地球人のクローンで構成されている特殊部隊に新規に加入したジェレド・
ディラックは、人類を裏切りエイリアン種族と手を結んだ天才科学者ブーティンのクローンだった。軍の上層部は、ブーティンが何を狙っているのか探るべく、彼にブーティンの記憶を移植するためジェレドを作ったのだが、今のところその成果は出ていない。そして人類には危機が迫っていた……。
『老人と
宇宙』に続くシリーズ第2作である。今回の主人公はクローンのジェレドであり、最終局面でもせいぜい生後数ヶ月であり、全く「老人」ではない。今回最大の特徴は、前作でも主要登場人物として出て来たクローン兵が、更に掘り下げられて描かれることであろう。新兵の養成・教練が結構なページ数をかけて描かれ、普通の人間との違いと、それでも紛れもなく人間的な部分が浮き彫りになる。
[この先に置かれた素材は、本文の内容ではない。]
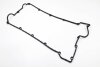 Прокладка клапанної кришки корково-гумова КЛАП.КР. FORD 2.0 DOHC 89- -ua BGA RC2397 (фото 1)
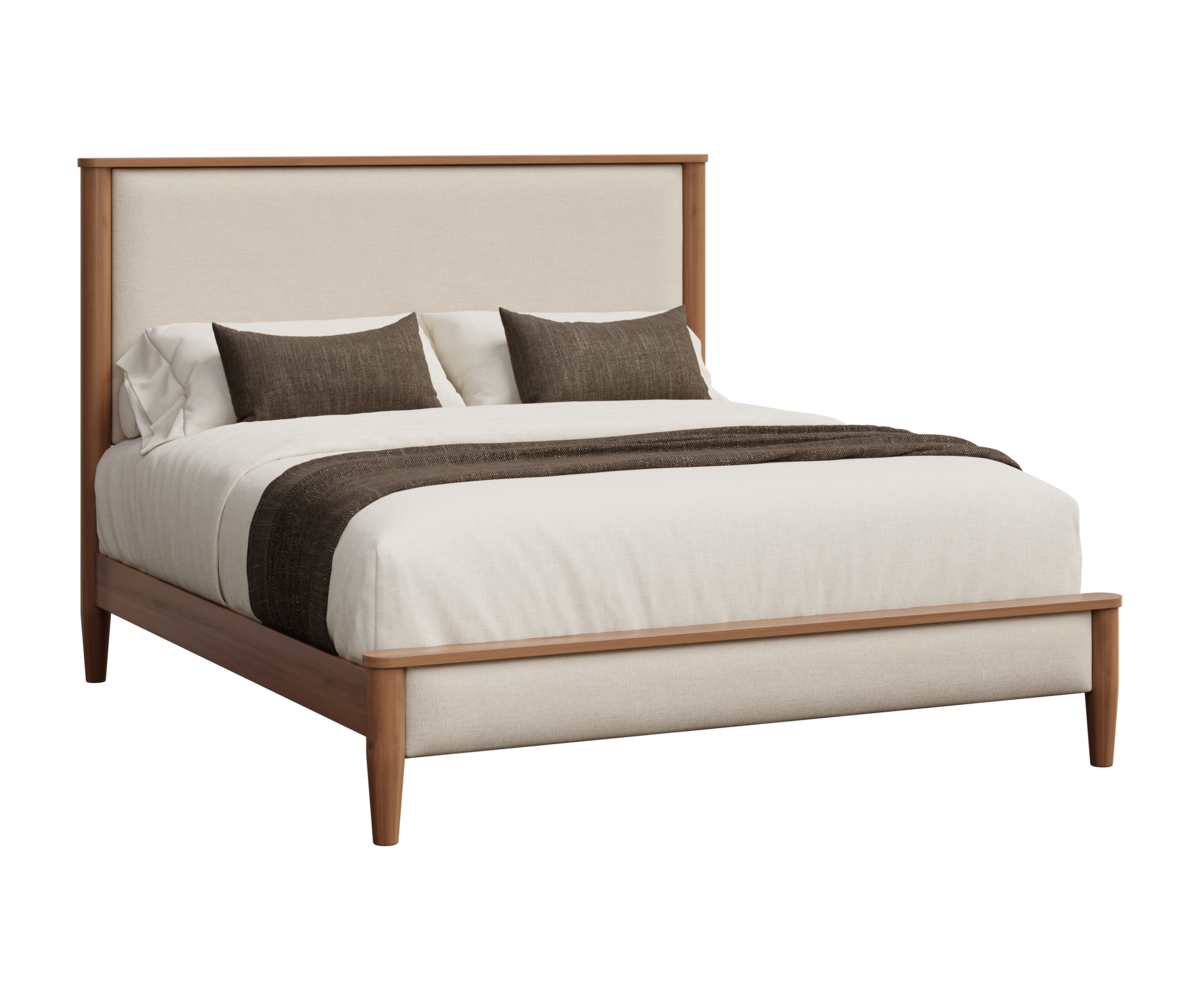 Bryce Collection - Image 3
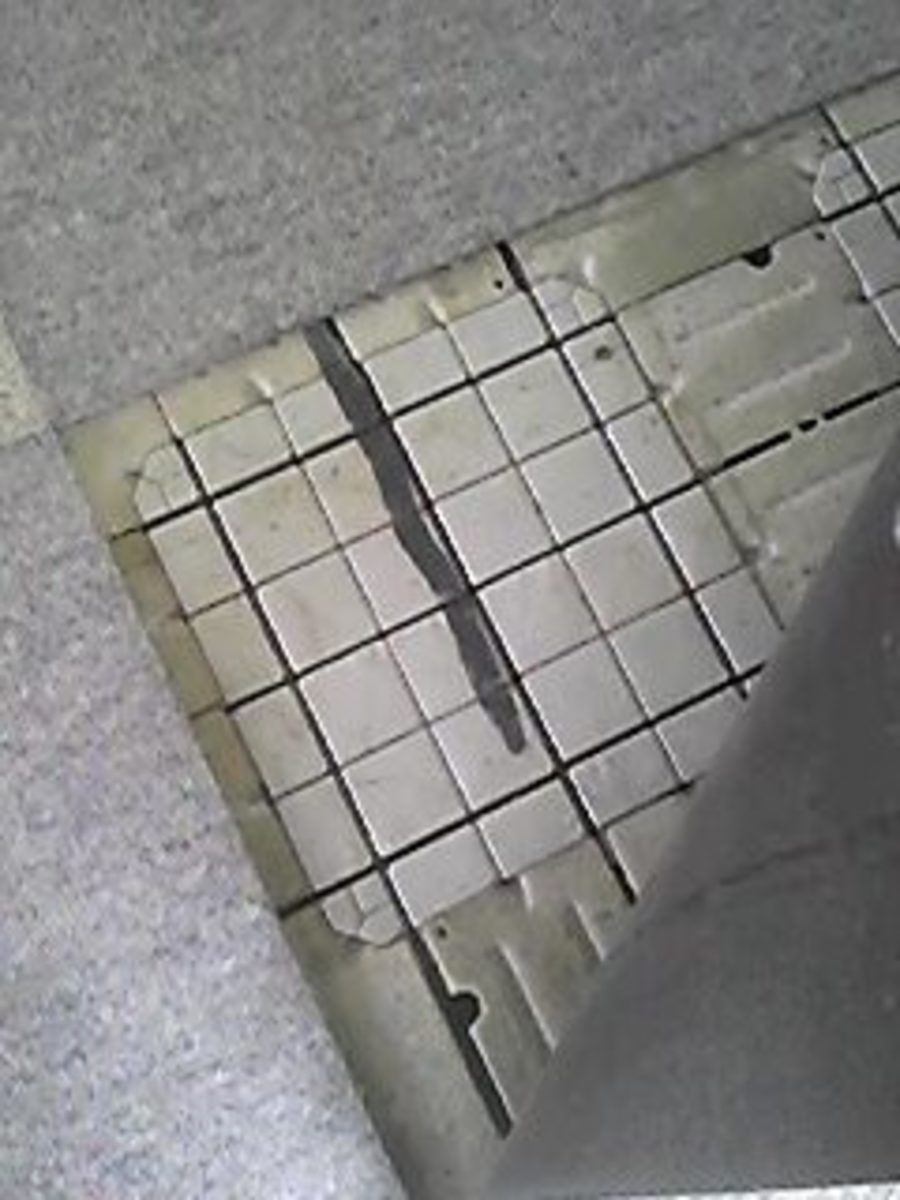 fresh/building/J00100414378_12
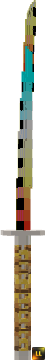 1702996551976.png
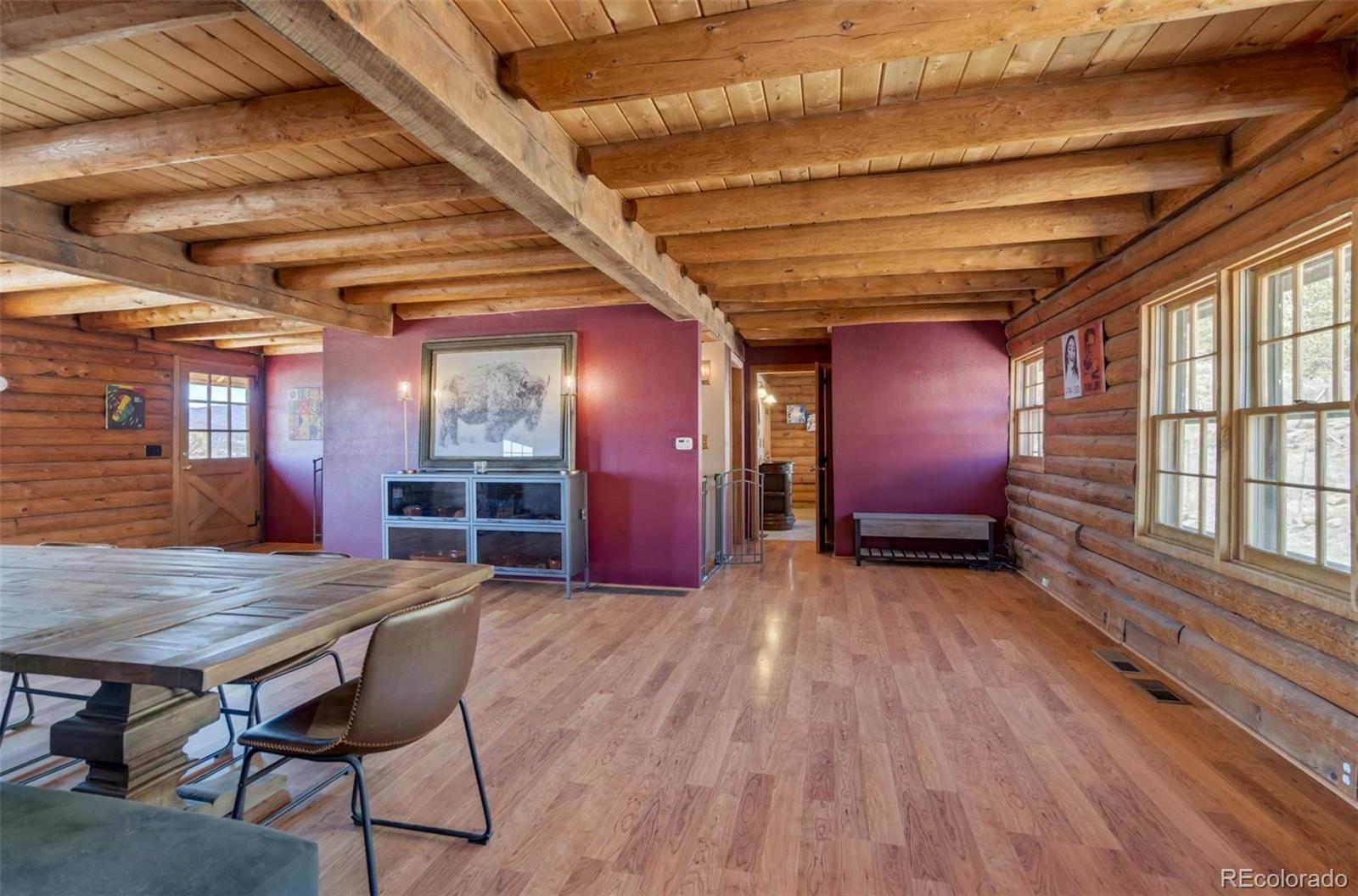 MLS Image #28 for 660  wagon wheel road,guffey, Colorado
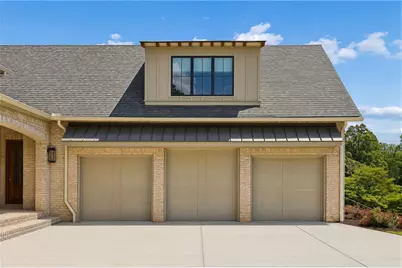341 Mockingbird Lane SE, Smyrna, GA 30082 - Photo 2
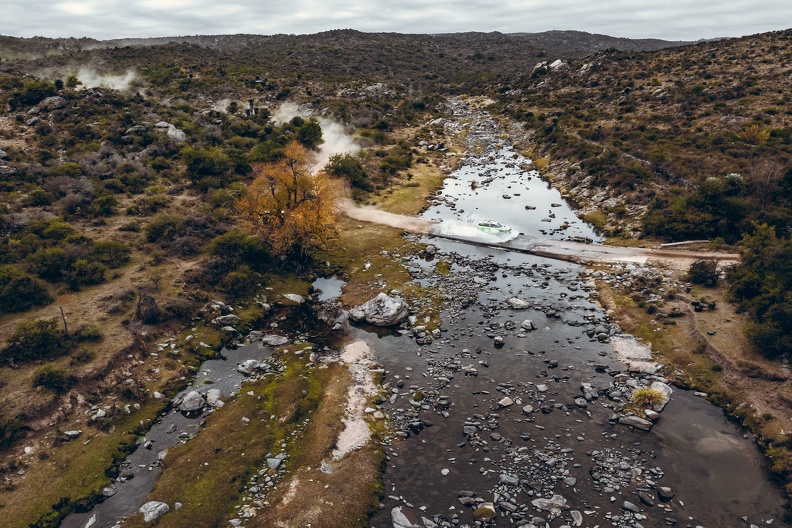 DJI 20240604161433 0095 D-Edit - DJI_20240604161433_0095_D-Edit.jpg DJI_20240604161433_0095_D-Edit.jpg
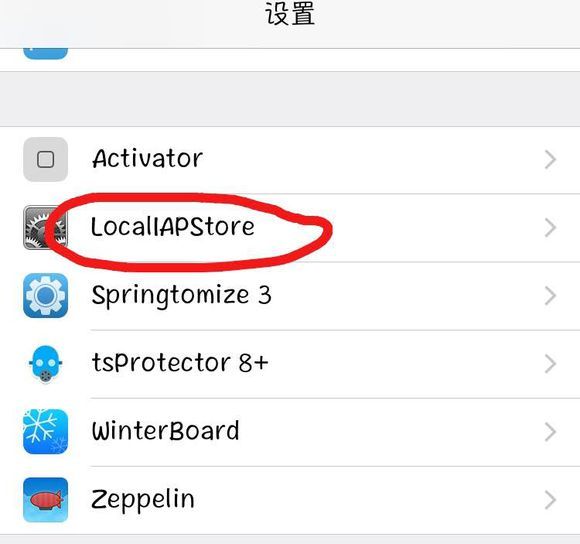 last day on earthڹ̳̽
さらに今回は、宇宙で人類が置かれた立場がよりはっきりするなど、《世界観》ももっとはっきりしてくる。語り口も相変わらず快活で、リーダビリティも高く、波乱万丈な展開も面白い。クライマックスでのあざといまでの演出は退潮しているが、まずは良質なエンターテインメントと言えるだろう。今回もおすすめです。